Blockchain data is an extremely expensive communications channel so we
do not consider this a serious issue. Implementations may wish to give
clients the ability to specify a filter for information they do not want
to avoid unintentional collisions, although hopefully in the future the
address reuse making this a potential problem will become less common.
* Address use, management, and generation
If privacy was not a consideration the most efficient mode of operation
would be to use a single address, as is done by many existing wallets,
notably the bitcoinj-derived Multibit and Android Wallet, both of which
use bloom filters. In addition to strongly encouraging address re-use,
neither provide the user any control over the privacy/bandwidth tradeoff
given by bloom filters; the default settings have an extremely low
false-positive rate that is a significant privacy risk.
Taking privacy into account better clients such as Electrum, Armory, and
Bitcoin Core discourage the re-use of addresses in their UIs, and send
change to new addresses.
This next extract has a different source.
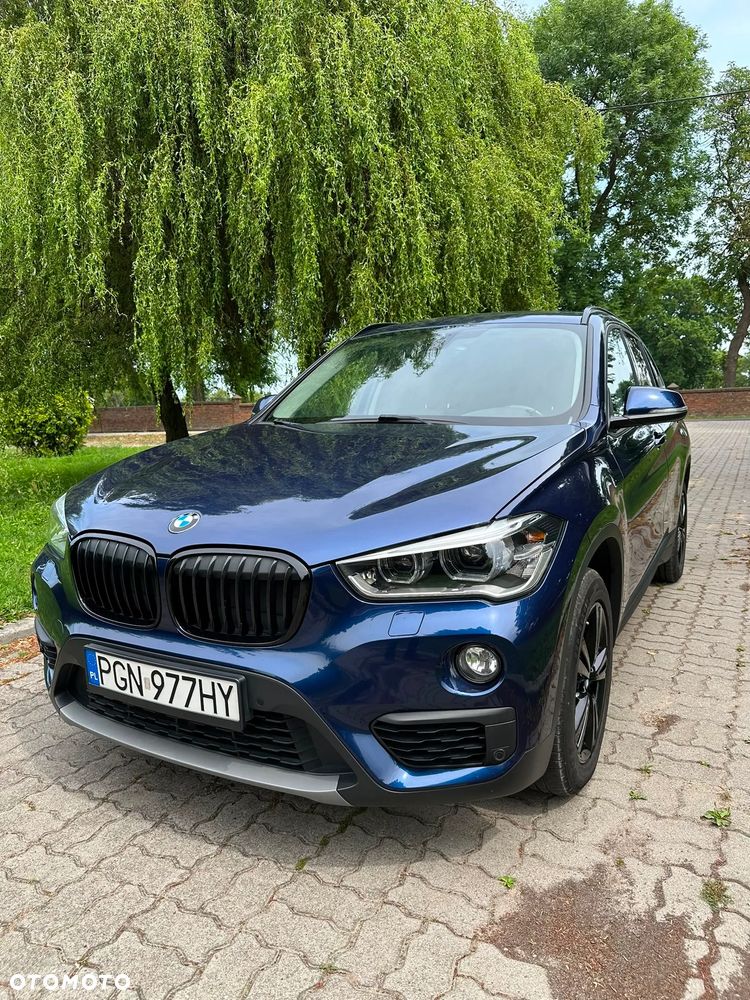 BMW X1 sDrive18i - 4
However this leads to problem with user
expectations: users expect it to be possible to be notified quickly of
new transactions paying any address ever generated by their wallet, as
well as unauthorized spends from any txout, yet for privacy each query
for transactions related to the address/txout must match false-positives
that consume bandwidth; for a fixed bandwidth budget the specificity and
size of the filter must increase over time.
We have two main avenues to solve this problem:
1) Txin-reuse: Continue to reinforce the idea that transaction inputs
have no particular relationship to outputs. Using them for refunds or
other purposes implying "ownership" must be strongly discouraged.
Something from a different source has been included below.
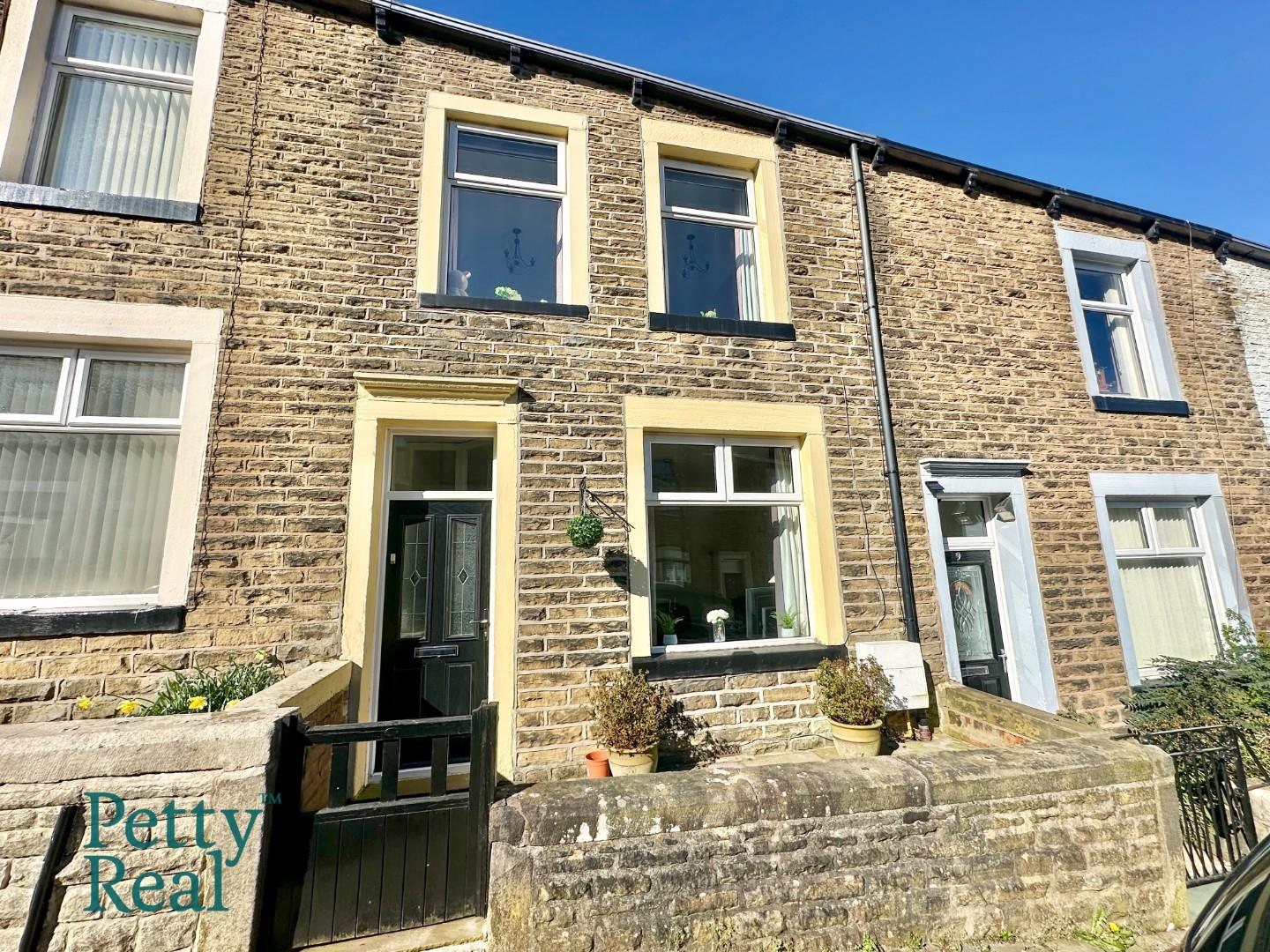 Portland Street, Colne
CoinJoin will help here. If addresses associated with change txouts
are truly one-time-use, we can reduce or eliminate queries associated
with them. In particular, while the set of all change addresses ever
used will grow linearly with time, the set of all change addresses
with funds in them will remain roughly stable - it's this set that
needs to be queried to detect unauthorized spends.
2) Common prefixes: Generate addresses such that for a given wallet they
all share a fixed prefix. The length of that prefix determines the
anonymity set and associated privacy/bandwidth tradeoff, which
remainds a fixed ratio of all transactions for the life of the
wallet.
With this approach change addresses continue to be generated randomly, a
requirement for CoinJoin privacy. There is some statistical information
leaked if many non-change txouts are spent in a single transaction in a
CoinJoin, but even that leak can be avoided with the authors
OP_RETURN-based stealth addresses proposal. (to be published)
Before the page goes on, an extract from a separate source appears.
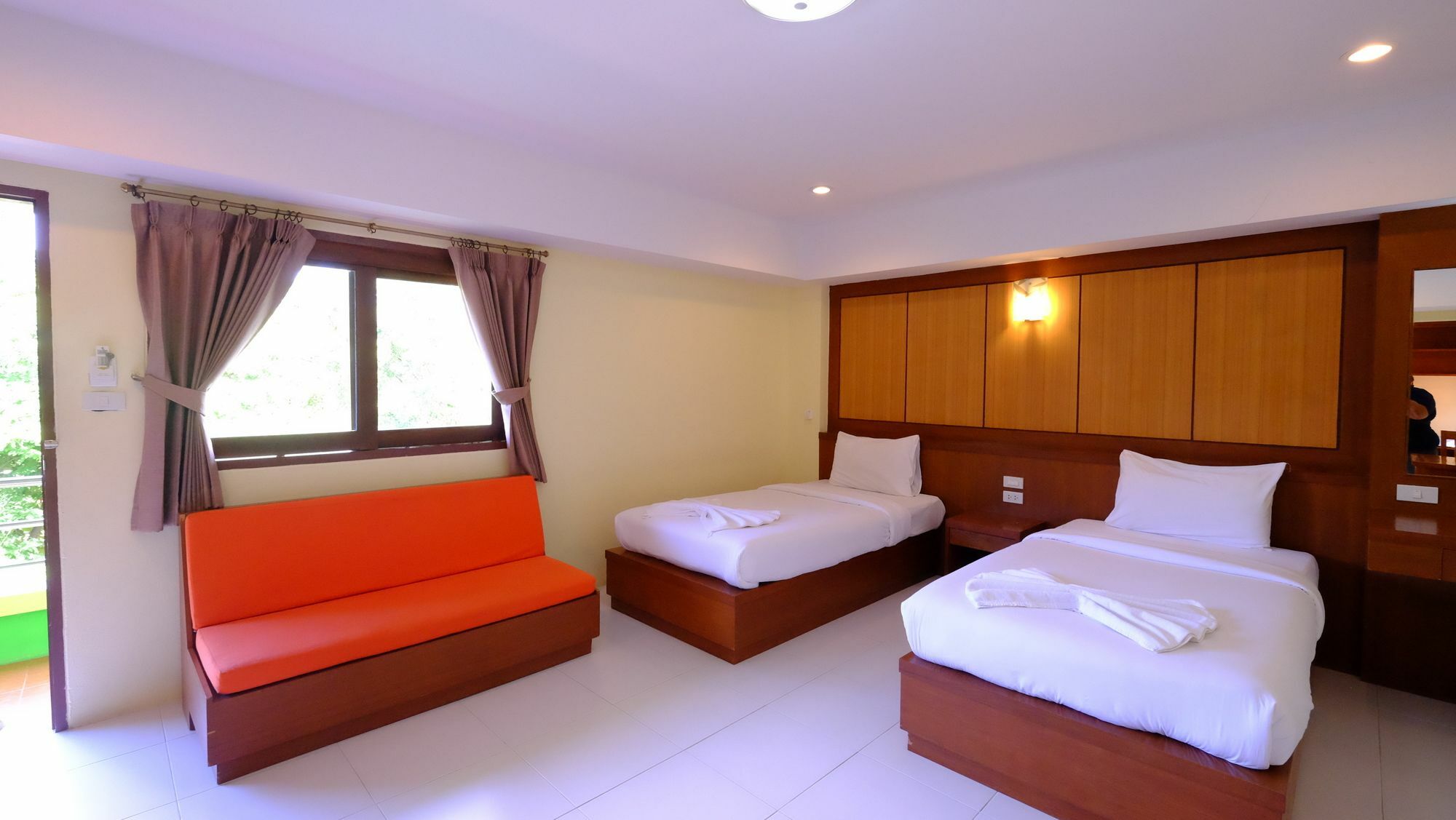 בופוט Rak Samui Residence מראה חיצוני תמונה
The actual prefix-forcing scheme in many cases will have to be
brute-force search; fortunately the search space involved is reasonably
small, ~2 to ~16 bits, and can be done as a background task.
1) Towards Measuring Anonymity, Claudia Diaz and Stefaan Seys and Joris
Claessens and Bart Preneel (April 2002)
2) k-Anonymity: A Model for Protecting Privacy, Latanya Sweeney, May
2002
3) Private discussions with developers.
--
'peter'[:-1]@petertodd.org
000000000000000f9102d27cfd61ea9e8bb324593593ca3ce6ba53153ff251b3
[-- Attachment #2: Digital signature --]
[-- Type: application/pgp-signature, Size: 685 bytes --]
^ permalink raw reply [flat|nested] 3+ messages in thread
* Re: [Bitcoin-development] Privacy and blockchain data
2014-01-06 2:53 [Bitcoin-development] Privacy and blockchain data Peter Todd
@ 2014-01-08 6:34 ` Jeremy Spilman
2014-01-10 10:10 ` Peter Todd
0 siblings, 1 reply; 3+ messages in thread
From: Jeremy Spilman @ 2014-01-08 6:34 UTC (permalink / raw)
To: bitcoin-development, Peter Todd
>
> 2) Common prefixes: Generate addresses such that for a given wallet they
> all share a fixed prefix. The length of that prefix determines the
> anonymity set and associated privacy/bandwidth tradeoff, which
> remainds a fixed ratio of all transactions for the life of the
> wallet.
>
Interesting thought to make the privacy/bandwidth trade-off using
vanitygen and prefix filters.
But doesn't this effectively expand the universe of potential spies from
'the global attacker' who is watching your SPV queries, to simply 'the
globe' -- anyone with a copy of the blockchain?
Some stats on UTXO set size: (slightly stale -- as of block 270733)
7.4m unspent outputs
2.2m transactions with unspent outputs
2.1m unique unspent scriptPubKeys
Side note: the top 1,000 scriptPubKeys have 10% of all unspent outputs.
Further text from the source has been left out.